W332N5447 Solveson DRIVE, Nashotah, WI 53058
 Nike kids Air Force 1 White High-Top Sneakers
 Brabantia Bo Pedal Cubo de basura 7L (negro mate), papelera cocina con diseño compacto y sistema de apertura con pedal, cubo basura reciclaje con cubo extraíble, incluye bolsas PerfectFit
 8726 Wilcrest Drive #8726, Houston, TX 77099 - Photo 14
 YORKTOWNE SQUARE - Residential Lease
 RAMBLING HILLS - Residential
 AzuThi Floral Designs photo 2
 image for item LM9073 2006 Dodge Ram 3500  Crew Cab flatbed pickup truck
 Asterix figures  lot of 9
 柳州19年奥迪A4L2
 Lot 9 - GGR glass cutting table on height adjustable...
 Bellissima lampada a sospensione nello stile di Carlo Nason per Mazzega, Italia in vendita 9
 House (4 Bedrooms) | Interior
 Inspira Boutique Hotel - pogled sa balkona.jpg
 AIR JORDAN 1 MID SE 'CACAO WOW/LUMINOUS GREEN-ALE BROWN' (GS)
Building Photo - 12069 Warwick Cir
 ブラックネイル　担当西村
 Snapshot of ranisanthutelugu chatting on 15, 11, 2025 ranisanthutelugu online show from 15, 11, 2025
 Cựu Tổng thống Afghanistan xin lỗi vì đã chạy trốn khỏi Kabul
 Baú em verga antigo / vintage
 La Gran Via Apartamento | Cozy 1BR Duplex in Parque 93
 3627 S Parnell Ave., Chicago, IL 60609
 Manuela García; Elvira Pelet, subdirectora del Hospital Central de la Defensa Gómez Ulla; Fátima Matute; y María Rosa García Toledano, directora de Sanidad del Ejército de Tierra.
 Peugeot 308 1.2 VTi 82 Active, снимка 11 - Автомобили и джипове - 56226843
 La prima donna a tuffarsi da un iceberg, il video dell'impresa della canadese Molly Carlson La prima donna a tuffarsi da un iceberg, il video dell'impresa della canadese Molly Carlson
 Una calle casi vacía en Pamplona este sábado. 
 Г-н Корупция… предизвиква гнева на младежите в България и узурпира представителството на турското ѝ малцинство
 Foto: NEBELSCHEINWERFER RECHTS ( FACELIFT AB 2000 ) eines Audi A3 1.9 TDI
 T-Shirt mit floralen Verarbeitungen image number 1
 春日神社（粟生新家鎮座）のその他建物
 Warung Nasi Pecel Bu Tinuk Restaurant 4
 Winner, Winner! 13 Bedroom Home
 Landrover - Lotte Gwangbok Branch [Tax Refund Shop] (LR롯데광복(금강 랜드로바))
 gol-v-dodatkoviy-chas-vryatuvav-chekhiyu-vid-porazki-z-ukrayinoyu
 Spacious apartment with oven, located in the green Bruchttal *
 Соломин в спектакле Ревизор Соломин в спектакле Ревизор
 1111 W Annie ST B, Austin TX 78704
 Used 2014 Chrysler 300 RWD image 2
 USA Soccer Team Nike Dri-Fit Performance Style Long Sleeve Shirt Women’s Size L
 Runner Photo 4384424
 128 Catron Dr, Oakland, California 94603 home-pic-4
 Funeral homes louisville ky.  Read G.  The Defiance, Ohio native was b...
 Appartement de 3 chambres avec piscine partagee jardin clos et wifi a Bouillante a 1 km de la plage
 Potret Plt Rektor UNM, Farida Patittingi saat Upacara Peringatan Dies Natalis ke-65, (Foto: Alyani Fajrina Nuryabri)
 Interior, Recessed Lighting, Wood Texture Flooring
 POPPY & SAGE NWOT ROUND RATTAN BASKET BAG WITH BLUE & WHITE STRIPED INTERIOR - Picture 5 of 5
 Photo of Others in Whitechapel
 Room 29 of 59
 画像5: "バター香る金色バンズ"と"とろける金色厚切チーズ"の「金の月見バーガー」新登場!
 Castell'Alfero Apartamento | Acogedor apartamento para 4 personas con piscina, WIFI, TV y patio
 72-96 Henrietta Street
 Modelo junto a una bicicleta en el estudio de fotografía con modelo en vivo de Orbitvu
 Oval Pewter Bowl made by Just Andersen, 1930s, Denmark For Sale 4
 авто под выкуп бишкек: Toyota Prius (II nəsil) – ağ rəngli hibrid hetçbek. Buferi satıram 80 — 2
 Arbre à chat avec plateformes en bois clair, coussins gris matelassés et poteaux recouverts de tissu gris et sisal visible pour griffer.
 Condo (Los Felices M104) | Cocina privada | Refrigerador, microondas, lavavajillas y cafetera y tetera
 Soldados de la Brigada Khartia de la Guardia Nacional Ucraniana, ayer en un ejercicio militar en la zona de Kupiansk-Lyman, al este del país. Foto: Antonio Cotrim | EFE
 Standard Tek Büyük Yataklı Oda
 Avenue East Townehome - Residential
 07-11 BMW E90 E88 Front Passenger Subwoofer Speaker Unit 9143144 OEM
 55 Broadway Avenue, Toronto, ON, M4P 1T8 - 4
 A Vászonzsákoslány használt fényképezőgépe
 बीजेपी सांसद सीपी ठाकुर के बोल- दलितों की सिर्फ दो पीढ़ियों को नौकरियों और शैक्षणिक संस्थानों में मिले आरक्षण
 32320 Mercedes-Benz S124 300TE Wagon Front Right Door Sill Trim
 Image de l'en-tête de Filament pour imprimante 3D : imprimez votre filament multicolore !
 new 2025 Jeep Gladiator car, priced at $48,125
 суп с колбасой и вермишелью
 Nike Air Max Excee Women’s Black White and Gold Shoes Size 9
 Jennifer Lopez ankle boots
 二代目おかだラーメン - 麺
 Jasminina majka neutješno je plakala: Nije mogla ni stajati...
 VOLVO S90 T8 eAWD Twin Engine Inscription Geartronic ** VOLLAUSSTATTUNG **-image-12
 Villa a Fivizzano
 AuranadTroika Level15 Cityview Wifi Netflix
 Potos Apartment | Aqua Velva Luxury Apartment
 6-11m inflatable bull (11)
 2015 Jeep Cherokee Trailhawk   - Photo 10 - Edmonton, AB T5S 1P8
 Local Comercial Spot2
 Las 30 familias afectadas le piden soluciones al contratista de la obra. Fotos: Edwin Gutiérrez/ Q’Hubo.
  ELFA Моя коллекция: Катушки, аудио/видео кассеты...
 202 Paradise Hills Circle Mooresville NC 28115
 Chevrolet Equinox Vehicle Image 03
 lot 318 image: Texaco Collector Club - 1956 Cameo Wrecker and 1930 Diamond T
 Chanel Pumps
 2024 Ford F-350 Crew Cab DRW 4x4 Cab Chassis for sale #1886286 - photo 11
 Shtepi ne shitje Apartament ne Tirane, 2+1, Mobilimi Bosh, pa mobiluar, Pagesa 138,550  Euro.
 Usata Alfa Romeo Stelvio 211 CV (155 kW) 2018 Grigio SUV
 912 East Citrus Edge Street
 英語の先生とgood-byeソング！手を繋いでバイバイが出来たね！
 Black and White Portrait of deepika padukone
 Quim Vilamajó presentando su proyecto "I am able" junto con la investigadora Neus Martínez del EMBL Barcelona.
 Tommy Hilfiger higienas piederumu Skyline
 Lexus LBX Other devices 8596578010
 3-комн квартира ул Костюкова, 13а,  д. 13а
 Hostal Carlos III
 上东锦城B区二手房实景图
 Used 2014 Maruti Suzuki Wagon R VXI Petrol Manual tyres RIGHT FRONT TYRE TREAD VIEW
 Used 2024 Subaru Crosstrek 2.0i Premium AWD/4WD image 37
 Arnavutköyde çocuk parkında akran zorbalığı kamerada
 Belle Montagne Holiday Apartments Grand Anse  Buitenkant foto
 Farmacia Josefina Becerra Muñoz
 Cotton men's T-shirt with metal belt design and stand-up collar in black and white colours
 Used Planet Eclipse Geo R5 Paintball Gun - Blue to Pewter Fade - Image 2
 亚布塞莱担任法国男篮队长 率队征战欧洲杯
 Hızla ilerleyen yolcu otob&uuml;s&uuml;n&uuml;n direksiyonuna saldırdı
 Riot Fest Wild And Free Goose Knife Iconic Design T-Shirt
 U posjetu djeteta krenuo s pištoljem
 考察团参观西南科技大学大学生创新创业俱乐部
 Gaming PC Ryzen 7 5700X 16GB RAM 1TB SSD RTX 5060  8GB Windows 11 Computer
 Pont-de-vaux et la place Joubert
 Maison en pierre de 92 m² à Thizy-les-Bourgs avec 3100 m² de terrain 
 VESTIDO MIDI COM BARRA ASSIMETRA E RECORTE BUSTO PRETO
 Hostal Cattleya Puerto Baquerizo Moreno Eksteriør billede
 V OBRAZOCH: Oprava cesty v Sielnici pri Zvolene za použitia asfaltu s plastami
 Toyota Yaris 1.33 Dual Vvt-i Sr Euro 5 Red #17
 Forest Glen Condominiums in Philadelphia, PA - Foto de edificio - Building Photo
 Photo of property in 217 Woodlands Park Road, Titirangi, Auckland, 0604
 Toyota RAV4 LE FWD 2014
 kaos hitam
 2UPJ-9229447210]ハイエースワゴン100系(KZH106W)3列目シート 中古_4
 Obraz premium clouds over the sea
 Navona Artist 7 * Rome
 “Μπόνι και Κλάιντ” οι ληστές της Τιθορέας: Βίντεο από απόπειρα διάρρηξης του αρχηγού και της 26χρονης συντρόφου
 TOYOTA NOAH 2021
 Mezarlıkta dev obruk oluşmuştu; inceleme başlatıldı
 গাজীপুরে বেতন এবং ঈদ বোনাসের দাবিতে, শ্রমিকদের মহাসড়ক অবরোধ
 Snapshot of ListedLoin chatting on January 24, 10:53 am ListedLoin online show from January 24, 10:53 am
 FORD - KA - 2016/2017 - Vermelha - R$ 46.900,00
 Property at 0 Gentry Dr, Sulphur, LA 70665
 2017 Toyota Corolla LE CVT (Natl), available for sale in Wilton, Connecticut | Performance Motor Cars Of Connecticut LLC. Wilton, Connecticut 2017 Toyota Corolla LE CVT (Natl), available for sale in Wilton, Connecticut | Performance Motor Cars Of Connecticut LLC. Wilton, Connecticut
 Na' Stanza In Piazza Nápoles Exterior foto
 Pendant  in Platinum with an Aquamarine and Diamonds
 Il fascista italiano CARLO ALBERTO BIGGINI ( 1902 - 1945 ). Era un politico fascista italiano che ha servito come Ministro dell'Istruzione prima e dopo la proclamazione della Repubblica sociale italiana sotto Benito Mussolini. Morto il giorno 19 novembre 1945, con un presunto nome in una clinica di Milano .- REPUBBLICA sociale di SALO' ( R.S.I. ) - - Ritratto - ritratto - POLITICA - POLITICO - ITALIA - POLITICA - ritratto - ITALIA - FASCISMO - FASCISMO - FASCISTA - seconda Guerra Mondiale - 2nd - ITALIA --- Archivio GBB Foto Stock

* * * * * * * * *

=== Work item ===
Begin with the line that has "8726 Wilcrest Drive" in the listing above and end after the line that has "Соломин в спектакле Ревизор Соломин"; output those lines exactly.

=== Task result ===
 8726 Wilcrest Drive #8726, Houston, TX 77099 - Photo 14
 YORKTOWNE SQUARE - Residential Lease
 RAMBLING HILLS - Residential
 AzuThi Floral Designs photo 2
 image for item LM9073 2006 Dodge Ram 3500  Crew Cab flatbed pickup truck
 Asterix figures  lot of 9
 柳州19年奥迪A4L2
 Lot 9 - GGR glass cutting table on height adjustable...
 Bellissima lampada a sospensione nello stile di Carlo Nason per Mazzega, Italia in vendita 9
 House (4 Bedrooms) | Interior
 Inspira Boutique Hotel - pogled sa balkona.jpg
 AIR JORDAN 1 MID SE 'CACAO WOW/LUMINOUS GREEN-ALE BROWN' (GS)
Building Photo - 12069 Warwick Cir
 ブラックネイル　担当西村
 Snapshot of ranisanthutelugu chatting on 15, 11, 2025 ranisanthutelugu online show from 15, 11, 2025
 Cựu Tổng thống Afghanistan xin lỗi vì đã chạy trốn khỏi Kabul
 Baú em verga antigo / vintage
 La Gran Via Apartamento | Cozy 1BR Duplex in Parque 93
 3627 S Parnell Ave., Chicago, IL 60609
 Manuela García; Elvira Pelet, subdirectora del Hospital Central de la Defensa Gómez Ulla; Fátima Matute; y María Rosa García Toledano, directora de Sanidad del Ejército de Tierra.
 Peugeot 308 1.2 VTi 82 Active, снимка 11 - Автомобили и джипове - 56226843
 La prima donna a tuffarsi da un iceberg, il video dell'impresa della canadese Molly Carlson La prima donna a tuffarsi da un iceberg, il video dell'impresa della canadese Molly Carlson
 Una calle casi vacía en Pamplona este sábado. 
 Г-н Корупция… предизвиква гнева на младежите в България и узурпира представителството на турското ѝ малцинство
 Foto: NEBELSCHEINWERFER RECHTS ( FACELIFT AB 2000 ) eines Audi A3 1.9 TDI
 T-Shirt mit floralen Verarbeitungen image number 1
 春日神社（粟生新家鎮座）のその他建物
 Warung Nasi Pecel Bu Tinuk Restaurant 4
 Winner, Winner! 13 Bedroom Home
 Landrover - Lotte Gwangbok Branch [Tax Refund Shop] (LR롯데광복(금강 랜드로바))
 gol-v-dodatkoviy-chas-vryatuvav-chekhiyu-vid-porazki-z-ukrayinoyu
 Spacious apartment with oven, located in the green Bruchttal *
 Соломин в спектакле Ревизор Соломин в спектакле Ревизор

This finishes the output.